女媧

 気持ちの良い風が吹いている。

 公時はとあるビルの屋上にいた。心地良い風とは裏腹に、眼下には不愉快な光景が広がっている。

 見渡す限りの建物が整然と並んでいた。整った街並みとは裏腹に、建物の種類は様々であまり統一感はないようだ。建物同士の間隔は狭く、まさに密集していた。

 広い通りは見当たらず、全てが狭く路地裏のような感覚だ。それが延々と続いている。誰が創ったか知らないが、よくもまあこんな陰鬱な世界にしたものだ。


 高い所から見渡せばどこか見知った場所があるかと思った。出口とは言わないが、帰り道が分かるかもしれない――そんな希望は打ち砕かれた。

 見知った風景はそこにはなかった。富士山や東京タワーなど、分かりやすく目印になる建物すら視界には映らない。


 このビルも不自然だった。かなり大きな建物だが店舗などは一切入っておらず、中に人の姿はなかった。かといって廃ビルなのかと言われたらそうではなく、内部は綺麗でエレベーターなどの設備がちゃんとあり、稼働もしていた。

 誰も使っている気配はないが、管理はしっかりされているのだろうか。今の所、空亡以外に人の姿は見ていない。

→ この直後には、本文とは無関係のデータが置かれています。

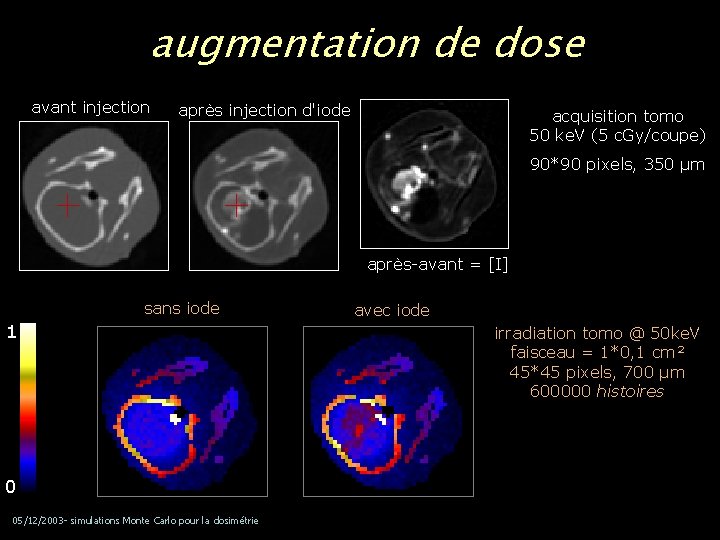 augmentation de dose avant injection après injection d'iode acquisition tomo 50 ke. V (5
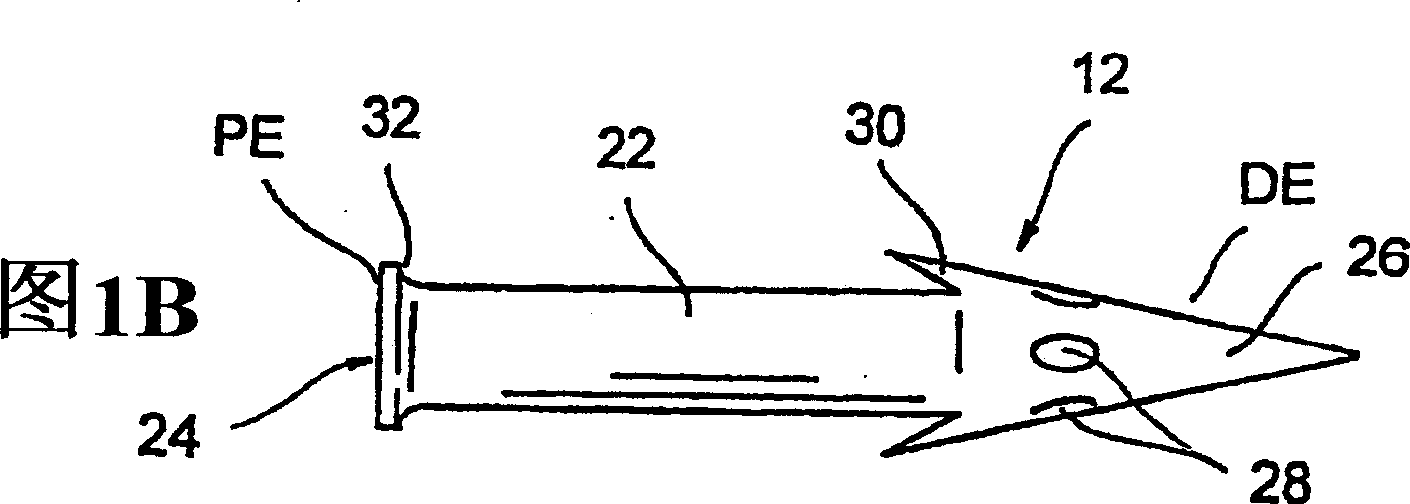 Methods and devices for draining fluids and lowering intraocular pressure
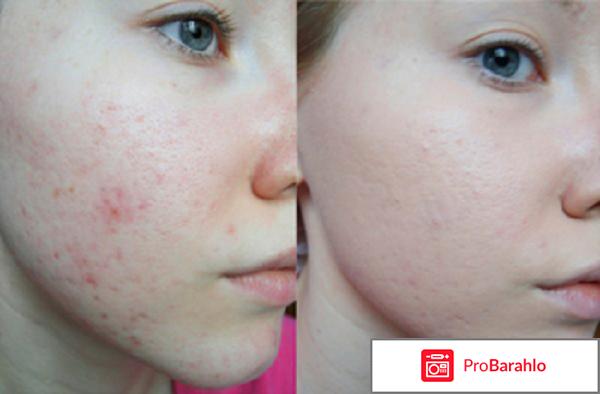 Базирон ас отзывы покупателей обман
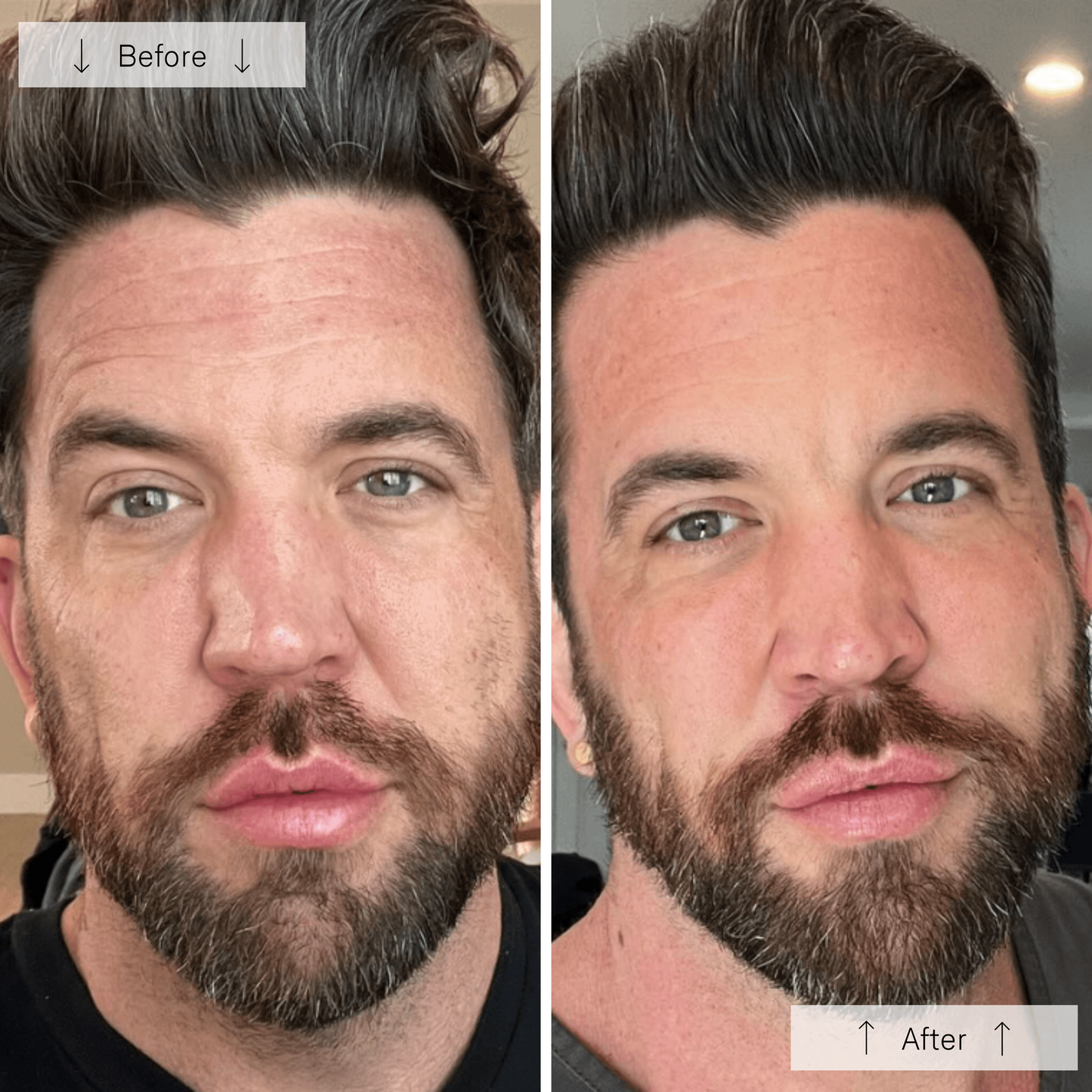 Omnilux Men LED Therapy Mask - Renew Wellness & Aesthetics 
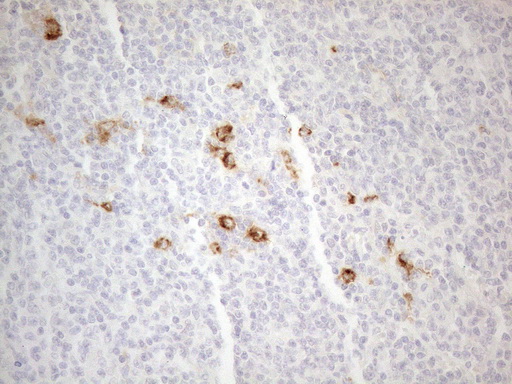 ANPEP / CD13 Antibody - Immunohistochemical staining of paraffin-embedded Human lymphoma tissue using anti-ANPEP mouse monoclonal antibody. (Heat-induced epitope retrieval by 1mM EDTA in 10mM Tris buffer. (pH8.5) at 120°C for 3 min. (1:150)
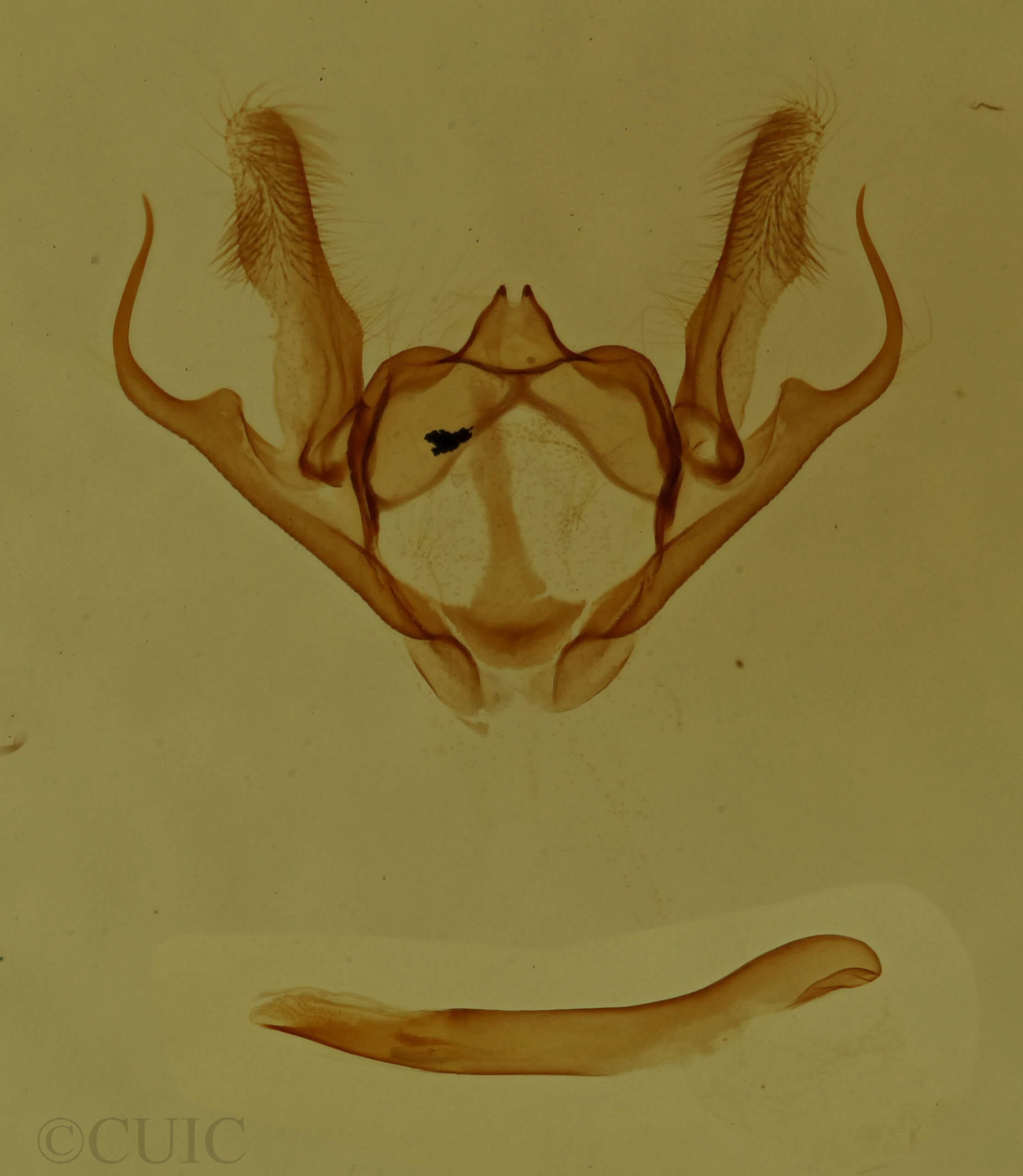 genitalia view of adult Anacamptodes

 他に誰もいないと思うとぞっとした。いるのが妙な案内人を名乗る男だけというのは笑えない。


「急に屋上へ行きたいというから何だと思ったけど、僕はまだ死ぬのは早いと思うよ」

「……誰が死ぬかよ」


 気落ちして元気をなくした公時を見て、空亡は言った。今にも飛び降り自殺でもするように見えたのだろうか。

 屋上は金網で囲まれていた。高さはそれほどでもないので、乗り越えられなくはない。もちろん公時は飛び降りるつもりなどなかった。


「どうかな。この世界ってやつが、少しは分かったかな?」

「……悪趣味な世界ってことは分かったな」


 とりあえず今いる場所が、自分が住んでいた所と違う場所であることは分かった。どこにいるのか全く検討もつかない。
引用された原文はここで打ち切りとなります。